Sabrina: Yeah, it’s interesting to watch people play. So the lens tool serves three purposes. It allows people to see more clearly the sample, especially when they’re starting out. And in that sense, it’s a very utilitarian, like a scaffolding tool. It’s also the current player marker. In one version of the game, everybody had their own lens tool. But as the game evolved, I sort of settled on there’s one, and it’s like the current player has access to that. And so you can use that to pass around because there is some asynchronous to the game where if you’re playing, you gather your diatoms, the next person can start exploring the pond while you’re still thinking about where your diatoms go. And you kind of have to the start of your next turn to make your commitments to where you’re going to place your tiles. And so, uh, there is a little bit of like the game is happening while you’re maybe thinking and that, that lens kind of provides a focus. And then there’s sort of a role play element that people really like about. Like I am peering into the water and scouring around for little pieces of algae, that it’s just fun, you know, and it sort of adds to the immersion of the game. But if you watch people play, the first game people will use it, the second game they might use it, and by the third game, like, they don’t need to use it. They may be, it’s fun to use it, but like they can start to see the sample, and that’s, which delights me because my motivation is kind of like supporting that, that like spatial reasoning, spatial visualization skillset. And so…
Mike: Right.
Sabrina: It’s nice to see that emerge from play.

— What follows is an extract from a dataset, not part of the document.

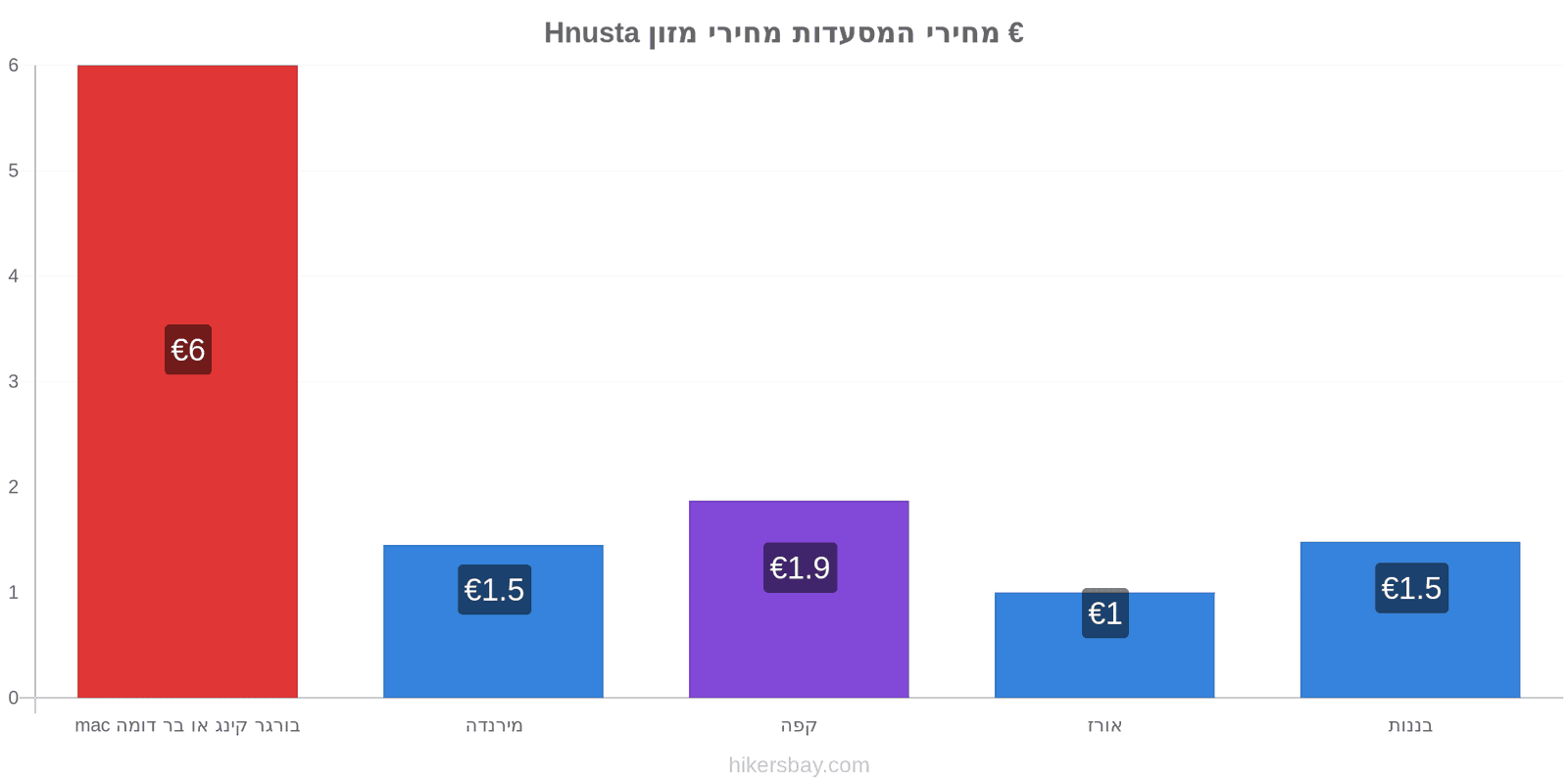 Hnusta שינויי מחיר hikersbay.com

Mike: Well, and it’s validation that you’re training your players, right? You’re literally… Like, they’re literally internalizing the tools as they’re playing over different sessions. No, I thought it was fascinating the interplay between the hexes and the mosaics. And… It also felt there was a lot of familiarity to it, but there was also a lot of like kind of freshness to how that worked. And yeah, I see what you mean. There’s not as much like player versus player interaction. It’s all about that kind of central hex board. And I imagine there could be some gotcha moments where like one person places a hex and they’re like, no, I was going to do that!
Sabrina: Yes, there’s no hidden information in the game. So you can be sort of checking out what everybody’s looking for and try to combine what you want with maybe placing your tile in an area of the pond that you know would be helpful for someone else. But the game doesn’t super reward that. It’s not a main strategy.
Mike Dunn: So this is your first board game or is it your first board game or is it the first board game for your new company Ludoliminal? Because I know you’ve worked with games for quite a bit of time, both digital and non-digital.
I guess give us a little background on is this your first game or is this just your first like real first game?
Sabrina: Yeah, I mean, I come from video games. That’s like, I worked in video games for 13 years. And video games plus, you know, so VR installation, location-based, in addition to things that would be considered sort of standard video games. So a lot of different experiences. I like, if I’m being true to myself, I think of what I like to do as experience design, and then there’s different mediums and platforms you can use to design an experience.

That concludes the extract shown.